M3 Chip Generation - Discussion Megathread

Jamie I · Nov 9, 2023

Explore GPU advancements in M3 and A17 Pro - Tech Talks - Videos - Apple Developer

Learn how Dynamic Caching, the next-generation shader core, hardware-accelerated ray tracing, and hardware-accelerated mesh shading of...

developer.apple.com

diamond.g · Nov 9, 2023

Jamie I said:
Explore GPU advancements in M3 and A17 Pro - Tech Talks - Videos - Apple Developer

Learn how Dynamic Caching, the next-generation shader core, hardware-accelerated ray tracing, and hardware-accelerated mesh shading of...

developer.apple.com

The RT stage seems very similar to what Nvidia is doing. @leman

They explicitly call out use of über shaders, lol.

Confused-User · Nov 9, 2023

AmazingTechGeek said:
A reminder that you are “expected” to be respectful on the forum regardless of what point your making.

Thank you.

Why are you resurrecting something that's been dead for an age (in internet time)?

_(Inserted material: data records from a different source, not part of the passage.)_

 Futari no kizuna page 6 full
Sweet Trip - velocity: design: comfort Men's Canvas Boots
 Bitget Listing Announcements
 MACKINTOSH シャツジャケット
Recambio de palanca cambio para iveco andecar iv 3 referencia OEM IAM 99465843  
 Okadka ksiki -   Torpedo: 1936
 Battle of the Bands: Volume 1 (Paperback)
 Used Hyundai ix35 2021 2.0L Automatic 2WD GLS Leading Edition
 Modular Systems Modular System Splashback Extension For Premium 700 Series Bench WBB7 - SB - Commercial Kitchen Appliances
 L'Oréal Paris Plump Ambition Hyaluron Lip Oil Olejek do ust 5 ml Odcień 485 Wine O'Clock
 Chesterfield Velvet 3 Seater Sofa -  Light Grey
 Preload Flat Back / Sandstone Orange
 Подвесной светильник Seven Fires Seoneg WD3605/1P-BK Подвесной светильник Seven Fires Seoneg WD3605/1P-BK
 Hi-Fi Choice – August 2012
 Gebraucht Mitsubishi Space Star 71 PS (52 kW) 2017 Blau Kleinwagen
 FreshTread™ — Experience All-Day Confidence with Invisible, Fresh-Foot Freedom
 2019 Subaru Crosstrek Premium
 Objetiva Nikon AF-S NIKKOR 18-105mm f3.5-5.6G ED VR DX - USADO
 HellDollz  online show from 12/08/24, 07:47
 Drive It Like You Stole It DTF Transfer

But since you are, what exactly do you think is wrong with this? I am using the EXACT SAME WORDS as the person I replied to. This is a rhetorical device designed to show someone that their position of privilege is actually no more privileged than other positions. Notably, it's not passive-aggressive as the original post was. And there was a pretty broad consensus in support of this.

Homy · Nov 9, 2023

Apple M3 Pro Takes The Throne of The Fastest CPU In PassMark Single-Thread Benchmark, 1% Faster Than Intel Core i9-14900K

Latest benchmarks of Apple's M3 CPUs are in and the M3 Pro specifically has secured the top position in PassMark's single-thread benchmark.

wccftech.com

thenewperson · Nov 9, 2023

I'm really curious why didn't up the frequency of the Max (16" at least like last time). I figured they'd started segmenting products that way like the other players but maybe it was just a test?

Pressure · Nov 9, 2023

Homy said:
Apple M3 Pro Takes The Throne of The Fastest CPU In PassMark Single-Thread Benchmark, 1% Faster Than Intel Core i9-14900K

Latest benchmarks of Apple's M3 CPUs are in and the M3 Pro specifically has secured the top position in PassMark's single-thread benchmark.

wccftech.com

And no mention of power draw anywhere in the article. Looking down in the comments section, yikes 🙈

leman · Nov 9, 2023

thenewperson said:
I'm really curious why didn't up the frequency of the Max (16" at least like last time). I figured they'd started segmenting products that way like the other players but maybe it was just a test?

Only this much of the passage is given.